I still have a lot to do today. Some more phone calls, some laundry, and CERTAINLY more cheesey tv to watch. But today has been one of the best days I’ve had in quite some time. It’s made me remember that it’s ok not to have every single second of my waking hours crammed with productive activites. It’s ok to balance the serious with the silly.
I’ve been a little too serious lately.
The upcoming weekend is shaping up to be busy, busy, busy.
There’s an evening to be spent with the VIM, a birthday party, a shopping spree with an 8 year old, one more Christmas get-together, a Steeler’s game, some cleaning and bill paying, LOTS of laundry, a website (my first big job!) to finish and transfer to it’s final server home, and hopefully, a nap.
Oh, and I need to change the picture on this website. I’m turning into one of those people who keeps Christmas decorations up and lit through July.
Filed under: Daily
Lord help me, I’m turning into my grandmother.
I’ve started talking to the television on a regular basis. Actually, “talking” may not be the right word.

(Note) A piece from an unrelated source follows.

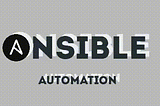 Configuring HAProxy with Backend Server Using Ansible Role | Ansible Role |Task 15 | Arth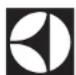 ELECTROLUX EAF3CG - Hvad gør du, hvis... - 1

More like spiteful mumbling: “STUPID commercial!” “What kind of crappy show is THIS?” And watch out when the news shows clips of any speech by anyone even remotely related to government.

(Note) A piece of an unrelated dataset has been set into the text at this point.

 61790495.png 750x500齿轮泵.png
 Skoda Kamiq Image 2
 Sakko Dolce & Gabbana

But that’s not my peeve this week. No. My peeve this week is unhappy clerks in stores who tell me how unhappy they are.
I don’t want to hear how much better their evening will be in 20 minutes when they can finally punch out.
I don’t want to hear how they would like to have given me better service, but the stupid manager YET AGAIN didn’t schedule enough people.
I worked as a waitress and hostess for A LONG TIME. I KNOW that having a job working with the public isn’t a picnic. I wouldn’t want to do that again. Seriously. I understand.
It used to be that you’d run into a miserable clerk or waitress occasionally, but rarely would one actually voice how miserable he/she was, LET ALONE TO A CUSTOMER. Now, I must hear it at least once a week – when I pay for gas, when I order lunch, when I go to Target…and I always feel guilty. Like, “how dare I come through this poor kid’s line and make their job unbearable by actually BUYING STUFF.”
Is this just a trend in my part of the world? Is there any region that still has pleasant clerks?
Filed under: The VIM
VIM: What’s the name of the Israeli Parliament?
(this question is absolutely, totally out of the blue.)
Me: I have no idea. I don’t think I know the name.
VIM: I think it’s something like Kineset, or Knesset…something like that.
Me: Honestly, even if you said the correct name I wouldn’t know it.
VIM: I think it’s Knesset.
Me: That word sounds like it should have something to do with organized crime. Doesn’t it sound mobbish to you? *imitating Brando in the Godfather, which ended up sounding more like Kermit the Frog*: “Watch your Ps and Qs. You don’t want a visit from the Knesset.”
VIM: *better imitation of Brando*: “You’ll be sleeping with the Gefilte Fish.”